> _To do_: Say how many lines below have "will" in them, giving the number alone.
───── Material for this task
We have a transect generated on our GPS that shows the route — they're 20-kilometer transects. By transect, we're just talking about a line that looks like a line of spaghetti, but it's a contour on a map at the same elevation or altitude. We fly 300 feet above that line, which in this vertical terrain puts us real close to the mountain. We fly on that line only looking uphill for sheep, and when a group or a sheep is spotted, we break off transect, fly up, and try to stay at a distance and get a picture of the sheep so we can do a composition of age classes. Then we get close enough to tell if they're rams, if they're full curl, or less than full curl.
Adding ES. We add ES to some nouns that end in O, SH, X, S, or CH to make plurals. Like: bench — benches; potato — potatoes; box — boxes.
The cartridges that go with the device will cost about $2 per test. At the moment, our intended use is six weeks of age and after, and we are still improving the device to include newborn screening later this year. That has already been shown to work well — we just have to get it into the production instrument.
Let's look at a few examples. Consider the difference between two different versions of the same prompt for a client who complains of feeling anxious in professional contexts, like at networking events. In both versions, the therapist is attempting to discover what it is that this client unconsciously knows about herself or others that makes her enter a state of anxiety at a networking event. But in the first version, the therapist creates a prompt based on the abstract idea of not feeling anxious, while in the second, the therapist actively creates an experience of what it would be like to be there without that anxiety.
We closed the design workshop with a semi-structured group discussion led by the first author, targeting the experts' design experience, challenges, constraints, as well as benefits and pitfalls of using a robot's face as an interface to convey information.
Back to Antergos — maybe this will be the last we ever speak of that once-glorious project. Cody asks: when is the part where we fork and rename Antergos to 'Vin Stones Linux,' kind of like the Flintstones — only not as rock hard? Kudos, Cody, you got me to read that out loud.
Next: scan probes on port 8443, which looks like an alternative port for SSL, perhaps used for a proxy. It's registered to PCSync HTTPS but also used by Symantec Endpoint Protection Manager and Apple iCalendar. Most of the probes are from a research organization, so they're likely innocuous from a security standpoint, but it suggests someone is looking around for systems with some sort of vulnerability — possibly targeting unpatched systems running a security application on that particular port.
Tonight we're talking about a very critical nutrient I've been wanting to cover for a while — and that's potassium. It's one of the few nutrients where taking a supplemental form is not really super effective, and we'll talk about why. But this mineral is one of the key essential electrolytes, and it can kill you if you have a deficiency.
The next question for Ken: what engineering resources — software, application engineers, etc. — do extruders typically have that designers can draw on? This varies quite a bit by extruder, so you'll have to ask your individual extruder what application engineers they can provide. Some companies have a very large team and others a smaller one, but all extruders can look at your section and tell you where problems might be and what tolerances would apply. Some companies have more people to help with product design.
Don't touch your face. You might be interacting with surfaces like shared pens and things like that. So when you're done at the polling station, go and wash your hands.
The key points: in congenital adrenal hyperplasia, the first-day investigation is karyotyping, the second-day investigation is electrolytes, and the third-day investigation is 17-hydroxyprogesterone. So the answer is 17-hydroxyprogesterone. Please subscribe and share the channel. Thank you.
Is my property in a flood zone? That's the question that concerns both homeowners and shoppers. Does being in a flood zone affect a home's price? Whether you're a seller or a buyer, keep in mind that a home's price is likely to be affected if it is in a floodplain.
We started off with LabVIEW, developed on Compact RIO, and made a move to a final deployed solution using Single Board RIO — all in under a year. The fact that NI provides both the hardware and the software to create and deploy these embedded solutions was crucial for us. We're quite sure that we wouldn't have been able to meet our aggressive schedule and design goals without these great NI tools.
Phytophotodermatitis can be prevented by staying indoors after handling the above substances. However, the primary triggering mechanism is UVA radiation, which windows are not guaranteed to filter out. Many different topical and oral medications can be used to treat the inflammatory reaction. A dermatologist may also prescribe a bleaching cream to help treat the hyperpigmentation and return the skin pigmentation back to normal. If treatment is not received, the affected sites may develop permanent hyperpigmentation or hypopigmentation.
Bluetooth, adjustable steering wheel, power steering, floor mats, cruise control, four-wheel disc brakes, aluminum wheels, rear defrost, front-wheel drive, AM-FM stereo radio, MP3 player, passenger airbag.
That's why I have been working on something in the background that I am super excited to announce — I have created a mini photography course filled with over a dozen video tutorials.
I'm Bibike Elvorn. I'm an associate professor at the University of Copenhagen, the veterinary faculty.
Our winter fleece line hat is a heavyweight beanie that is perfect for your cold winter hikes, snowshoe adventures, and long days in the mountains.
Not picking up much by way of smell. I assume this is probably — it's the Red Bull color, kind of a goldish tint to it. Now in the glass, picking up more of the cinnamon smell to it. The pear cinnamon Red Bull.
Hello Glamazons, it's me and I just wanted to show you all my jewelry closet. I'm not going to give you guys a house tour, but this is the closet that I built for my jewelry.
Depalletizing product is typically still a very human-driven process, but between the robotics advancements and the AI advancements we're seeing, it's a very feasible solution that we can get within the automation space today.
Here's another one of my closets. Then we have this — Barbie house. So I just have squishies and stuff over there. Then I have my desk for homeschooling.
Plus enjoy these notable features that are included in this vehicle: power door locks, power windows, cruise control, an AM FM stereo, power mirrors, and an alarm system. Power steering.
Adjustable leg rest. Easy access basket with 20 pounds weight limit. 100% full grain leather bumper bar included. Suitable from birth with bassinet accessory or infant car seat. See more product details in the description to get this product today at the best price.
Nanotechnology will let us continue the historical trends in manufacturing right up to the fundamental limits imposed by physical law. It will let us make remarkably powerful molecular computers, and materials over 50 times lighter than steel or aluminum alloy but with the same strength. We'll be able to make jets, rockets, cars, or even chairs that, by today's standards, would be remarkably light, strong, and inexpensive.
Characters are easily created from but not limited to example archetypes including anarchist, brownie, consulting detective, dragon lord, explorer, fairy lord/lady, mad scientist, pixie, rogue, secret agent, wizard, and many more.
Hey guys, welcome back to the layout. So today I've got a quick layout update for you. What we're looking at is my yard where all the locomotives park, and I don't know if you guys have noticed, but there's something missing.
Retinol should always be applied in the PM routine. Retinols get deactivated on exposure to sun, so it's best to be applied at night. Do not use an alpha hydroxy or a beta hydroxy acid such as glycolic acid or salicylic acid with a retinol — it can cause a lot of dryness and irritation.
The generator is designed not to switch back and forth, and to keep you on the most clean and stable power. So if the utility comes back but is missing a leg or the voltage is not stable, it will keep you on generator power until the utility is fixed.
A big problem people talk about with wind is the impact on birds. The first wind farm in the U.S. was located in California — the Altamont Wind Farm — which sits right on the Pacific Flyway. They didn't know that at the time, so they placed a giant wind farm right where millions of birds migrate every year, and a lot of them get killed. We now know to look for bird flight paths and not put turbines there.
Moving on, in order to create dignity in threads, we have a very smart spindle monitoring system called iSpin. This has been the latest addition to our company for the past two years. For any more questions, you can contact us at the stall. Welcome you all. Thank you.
──────────
> _Completed task_: 4